The Fair Punishment Project also notes that the number of death sentences handed down in Harris County has fallen to 10 since 2010, from 53 between 1998 and 2003.

Harris County was named one of 16 “outlier” counties in the US, where five or more death sentences were assessed in between 2010 and 2015. In the eight counties examined by the study, 41% of the death sentences were given to black defendants and 69% to minorities overall. In Harris County, all defendants condemned since 2004 were from racial minority groups.

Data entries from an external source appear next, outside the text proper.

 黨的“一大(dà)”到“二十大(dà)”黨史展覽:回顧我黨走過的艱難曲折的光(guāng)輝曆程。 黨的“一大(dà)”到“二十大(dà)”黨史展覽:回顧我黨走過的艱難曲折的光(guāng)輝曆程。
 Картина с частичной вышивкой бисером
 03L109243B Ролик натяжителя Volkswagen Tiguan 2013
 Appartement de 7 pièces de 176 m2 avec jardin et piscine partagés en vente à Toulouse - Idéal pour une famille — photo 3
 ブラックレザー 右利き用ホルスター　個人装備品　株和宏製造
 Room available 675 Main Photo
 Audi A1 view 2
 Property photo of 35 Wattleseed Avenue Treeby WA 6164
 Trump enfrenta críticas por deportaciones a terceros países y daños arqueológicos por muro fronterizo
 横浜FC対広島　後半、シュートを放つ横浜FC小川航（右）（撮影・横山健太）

“When you look at what the death penalty actually looks like on the ground in Harris County, you see things that should disturb you,” Rob Smith, one of the researchers on the project, told the Houston Chronicle.

“There’s a pattern of overzealous prosecution that dates back for decades but is still present in the time period for the study, and is matched by under-zealous [defense] representation in cases.”

Harris County district attorney Devon Anderson said her office was judicious in its use of the death penalty.

“When we seek death, it’s because we have a solid guilt/innocence case and a very strong punishment case,” she said. “The death penalty is only appropriate for the worst of the worst.”